Phenotypic Differences between Wild-Type, Small Colony, and Evolved Clones.

The hypothesis above predicts that cultures derived from bacterial colonies of each state should respond differently when exposed to PYOSa. To test this, we cocultured high densities of each bacterial state (wild-type [W], small-colony [S], and evolved-state [E]) with PYOSa and determined the relative change in densities of both bacteria and phage, respectively, 108 and 107 cells and particles per mL, after 24 h exposure (Fig. 1F). Each of the three states exhibited a unique dynamic. The density of the wild-type and evolved bacteria declined, with the wild-type declining to a much greater extent than the evolved state. In contrast, the density of small-colony variant bacteria increased. PYOSa phage increased on the wild-type bacteria but declined on both the small-colony variant and the evolved-state bacteria. The decline in phage was greater on small-colony variants than on the evolved state.

Measurement of the growth rates in liquid culture of the three bacterial states confirmed the growth parameters previously inferred from colony sizes (SI Appendix, Table S4). Mutations causing a small-colony phenotype on agar also caused severe growth defects in liquid culture, while the evolved clones with secondary suppressing mutations showed partial restoration of growth rate toward wild-type levels.

The pentapeptide crosslinks that FemA synthesizes are notably the target of lysostaphin. FemA mutants resistant to lysostaphin have previously been observed to become hypersensitive to penicillin antibiotics (32, 33). To test for evidence of these phenotypes, the minimal inhibitory concentration (MIC) of the three states were measured against lysostaphin and oxacillin (SI Appendix, Table S4). We observed that all of the strains carrying femA mutations (both small colony and evolved state) became resistant to lysostaphin and hypersensitive to oxacillin. Accordingly, the compensatory evolution from small-colony variant to evolved state does not phenotypically recreate a wild-type phenotype: wild-type and evolved are genetically and phenotypically distinct states. Since FemA is responsible for adding the second and third glycines to the interpeptide bridge, and FemB is responsible for adding the fourth and fifth residues, mutations in femA are expected to result in single-glycine bridges between the cell-wall peptides. To the degree that the femA mutants identified have different growth and susceptibility phenotypes, the cell-wall defect in strains carrying these mutations is likely not complete but rather represents a balance between full-length pentapeptide crosslinks and single-glycine crosslinks. FemA was recently reported to be essential (34), and it is notable that in our experiments no unequivocally femA null mutations were identified. Based on the number of mutants we have screened, this indicates that femA null mutants are either nonviable or are counterselected in these experiments.
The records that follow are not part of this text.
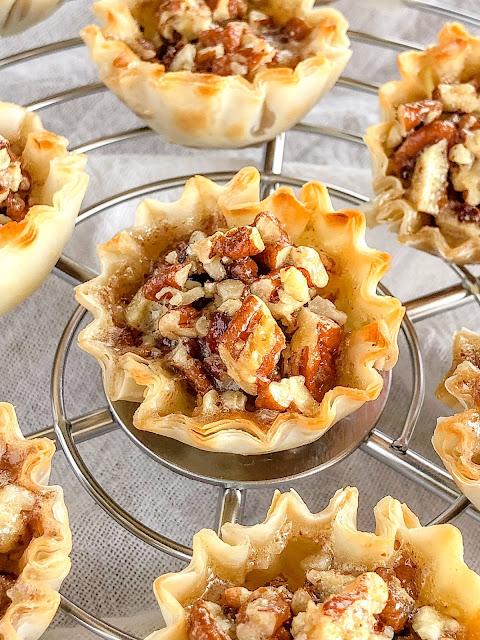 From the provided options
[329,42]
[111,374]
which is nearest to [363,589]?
[111,374]

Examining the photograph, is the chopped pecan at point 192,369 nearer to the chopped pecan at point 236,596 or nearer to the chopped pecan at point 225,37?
the chopped pecan at point 236,596

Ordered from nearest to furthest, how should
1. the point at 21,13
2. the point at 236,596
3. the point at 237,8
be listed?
the point at 236,596 → the point at 237,8 → the point at 21,13

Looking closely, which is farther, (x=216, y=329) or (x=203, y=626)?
(x=216, y=329)

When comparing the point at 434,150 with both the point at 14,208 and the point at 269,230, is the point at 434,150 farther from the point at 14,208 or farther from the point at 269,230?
the point at 14,208

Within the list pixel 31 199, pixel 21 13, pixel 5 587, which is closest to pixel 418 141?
pixel 31 199

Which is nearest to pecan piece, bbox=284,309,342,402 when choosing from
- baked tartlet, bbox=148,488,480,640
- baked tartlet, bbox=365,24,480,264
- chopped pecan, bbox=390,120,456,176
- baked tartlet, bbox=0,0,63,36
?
baked tartlet, bbox=148,488,480,640

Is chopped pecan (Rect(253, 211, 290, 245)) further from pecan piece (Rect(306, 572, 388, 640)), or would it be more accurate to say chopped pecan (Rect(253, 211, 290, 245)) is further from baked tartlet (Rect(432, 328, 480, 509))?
pecan piece (Rect(306, 572, 388, 640))

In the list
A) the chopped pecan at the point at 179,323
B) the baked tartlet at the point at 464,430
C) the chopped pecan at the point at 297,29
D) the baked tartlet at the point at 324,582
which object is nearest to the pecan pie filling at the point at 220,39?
the chopped pecan at the point at 297,29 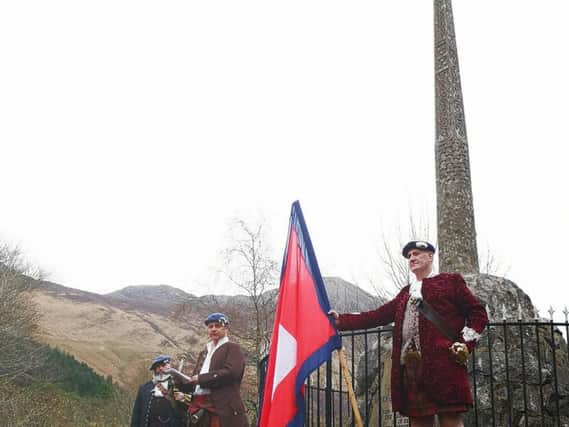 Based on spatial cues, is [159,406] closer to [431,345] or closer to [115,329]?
[431,345]

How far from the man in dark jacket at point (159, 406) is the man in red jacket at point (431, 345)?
3.11m

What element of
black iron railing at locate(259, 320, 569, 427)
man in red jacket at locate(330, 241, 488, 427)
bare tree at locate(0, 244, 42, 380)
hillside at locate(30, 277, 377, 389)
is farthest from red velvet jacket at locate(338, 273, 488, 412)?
hillside at locate(30, 277, 377, 389)

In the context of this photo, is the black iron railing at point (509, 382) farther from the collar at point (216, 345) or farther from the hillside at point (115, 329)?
the hillside at point (115, 329)

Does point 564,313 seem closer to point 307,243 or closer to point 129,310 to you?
point 307,243

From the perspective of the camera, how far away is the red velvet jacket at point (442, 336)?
384 centimetres

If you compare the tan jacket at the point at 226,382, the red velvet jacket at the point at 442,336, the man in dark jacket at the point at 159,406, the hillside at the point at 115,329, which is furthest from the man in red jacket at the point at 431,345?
the hillside at the point at 115,329

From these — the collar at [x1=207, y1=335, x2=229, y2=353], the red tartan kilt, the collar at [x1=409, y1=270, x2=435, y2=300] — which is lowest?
the red tartan kilt

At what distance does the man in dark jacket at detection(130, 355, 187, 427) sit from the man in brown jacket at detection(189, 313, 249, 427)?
777 millimetres

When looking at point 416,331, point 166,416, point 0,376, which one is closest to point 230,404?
point 166,416

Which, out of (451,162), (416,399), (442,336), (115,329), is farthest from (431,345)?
(115,329)

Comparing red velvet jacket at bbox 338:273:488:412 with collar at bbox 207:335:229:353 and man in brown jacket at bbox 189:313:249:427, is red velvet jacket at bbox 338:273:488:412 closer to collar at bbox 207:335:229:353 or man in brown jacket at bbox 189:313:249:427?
man in brown jacket at bbox 189:313:249:427

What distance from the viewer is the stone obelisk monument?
25.3 feet

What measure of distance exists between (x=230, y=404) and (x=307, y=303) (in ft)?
4.83

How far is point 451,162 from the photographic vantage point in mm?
8164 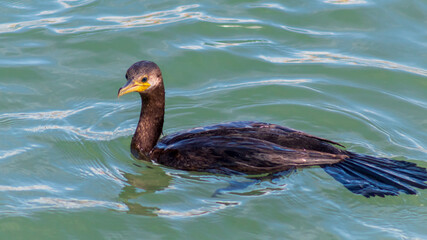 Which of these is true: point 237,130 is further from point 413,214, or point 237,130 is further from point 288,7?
point 288,7

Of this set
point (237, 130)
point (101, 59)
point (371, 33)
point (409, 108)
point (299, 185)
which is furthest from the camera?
point (371, 33)

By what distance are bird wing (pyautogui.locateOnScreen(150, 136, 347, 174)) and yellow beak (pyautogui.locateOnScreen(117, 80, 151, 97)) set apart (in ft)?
2.28

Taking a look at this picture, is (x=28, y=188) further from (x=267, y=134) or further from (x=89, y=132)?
(x=267, y=134)

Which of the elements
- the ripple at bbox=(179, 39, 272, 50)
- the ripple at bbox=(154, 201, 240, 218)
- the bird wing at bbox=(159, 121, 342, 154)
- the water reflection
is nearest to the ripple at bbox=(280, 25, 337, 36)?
the ripple at bbox=(179, 39, 272, 50)

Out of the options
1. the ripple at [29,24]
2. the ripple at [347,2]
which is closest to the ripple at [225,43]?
the ripple at [347,2]

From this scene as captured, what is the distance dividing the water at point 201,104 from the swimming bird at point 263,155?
0.38 ft

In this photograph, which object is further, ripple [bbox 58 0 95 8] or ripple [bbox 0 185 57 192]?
ripple [bbox 58 0 95 8]

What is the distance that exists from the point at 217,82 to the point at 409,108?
2348mm

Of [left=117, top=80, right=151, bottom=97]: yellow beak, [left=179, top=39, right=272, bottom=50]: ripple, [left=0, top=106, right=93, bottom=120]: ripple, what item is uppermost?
[left=179, top=39, right=272, bottom=50]: ripple

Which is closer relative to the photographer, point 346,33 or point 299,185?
point 299,185

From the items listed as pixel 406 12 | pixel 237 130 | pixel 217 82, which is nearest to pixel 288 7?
pixel 406 12

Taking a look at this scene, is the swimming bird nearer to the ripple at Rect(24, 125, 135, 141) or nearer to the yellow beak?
the yellow beak

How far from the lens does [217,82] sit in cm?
877

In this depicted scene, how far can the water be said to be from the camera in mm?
6008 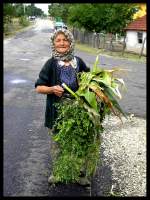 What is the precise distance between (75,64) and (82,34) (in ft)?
112

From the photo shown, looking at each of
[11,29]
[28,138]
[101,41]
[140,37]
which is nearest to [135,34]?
[140,37]

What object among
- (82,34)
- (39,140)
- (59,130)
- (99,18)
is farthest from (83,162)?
(82,34)

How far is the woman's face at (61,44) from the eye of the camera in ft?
17.0

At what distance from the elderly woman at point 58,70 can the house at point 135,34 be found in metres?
29.3

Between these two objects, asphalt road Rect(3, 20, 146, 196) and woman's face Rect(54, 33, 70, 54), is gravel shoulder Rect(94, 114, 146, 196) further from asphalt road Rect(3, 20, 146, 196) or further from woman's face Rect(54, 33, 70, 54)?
woman's face Rect(54, 33, 70, 54)

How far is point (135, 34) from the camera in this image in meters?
35.6

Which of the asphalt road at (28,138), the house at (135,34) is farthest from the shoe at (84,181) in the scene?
the house at (135,34)

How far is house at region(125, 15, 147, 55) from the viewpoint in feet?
113

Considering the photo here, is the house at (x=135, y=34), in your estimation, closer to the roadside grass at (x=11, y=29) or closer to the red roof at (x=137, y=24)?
the red roof at (x=137, y=24)

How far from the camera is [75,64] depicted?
17.6ft

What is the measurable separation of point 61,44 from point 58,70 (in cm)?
32

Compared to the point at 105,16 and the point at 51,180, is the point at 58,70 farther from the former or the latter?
the point at 105,16

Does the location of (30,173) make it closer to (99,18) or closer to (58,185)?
(58,185)

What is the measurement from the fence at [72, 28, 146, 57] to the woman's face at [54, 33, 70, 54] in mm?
26224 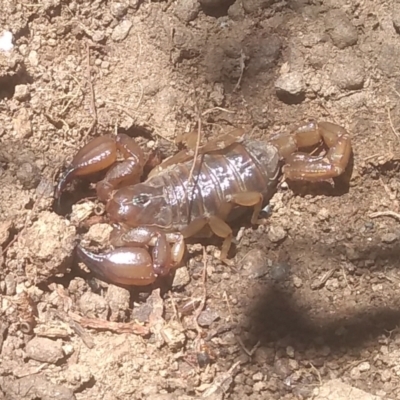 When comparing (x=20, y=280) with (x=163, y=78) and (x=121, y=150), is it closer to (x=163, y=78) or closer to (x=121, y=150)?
(x=121, y=150)

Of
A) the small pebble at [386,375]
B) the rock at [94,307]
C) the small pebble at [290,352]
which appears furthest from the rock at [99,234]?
the small pebble at [386,375]

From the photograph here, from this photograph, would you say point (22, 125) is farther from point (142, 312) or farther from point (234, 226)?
point (234, 226)

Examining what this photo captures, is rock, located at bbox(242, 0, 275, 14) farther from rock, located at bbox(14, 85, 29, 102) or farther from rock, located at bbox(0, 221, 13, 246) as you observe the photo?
rock, located at bbox(0, 221, 13, 246)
PYOSa Does Not Replicate on Stationary Phase S. aureus.

In infected hosts, many of the bacteria will not be replicating, and thereby, phage would be particularly effective for treatment if they, like some antibiotics (35), could kill nonreplicating S. aureus. To determine whether PYOSa can kill and replicate on nongrowing bacteria, three independent 48-h stationary phase cultures were mixed with PYOSa for average initial densities of ∼4 × 109 S. aureus and 106 PYOSa. The bacteria and phages were incubated with shaking for 24 h, and the viable cell and phage densities were estimated and compared with the initial densities. There was no evidence for the stationary phase bacteria being killed; the mean and SE of the N(24)/N(0) ratio was 0.96 ± 0.03. Moreover and critically, there was a significant decline in the density of phage, N(24)/N(0) = 0.043 ± 0.006. Thus, not only does PYOSa not kill stationary phase S. aureus, these nonreplicating bacteria act as a sink and could reduce the density of PYOSa from treated hosts.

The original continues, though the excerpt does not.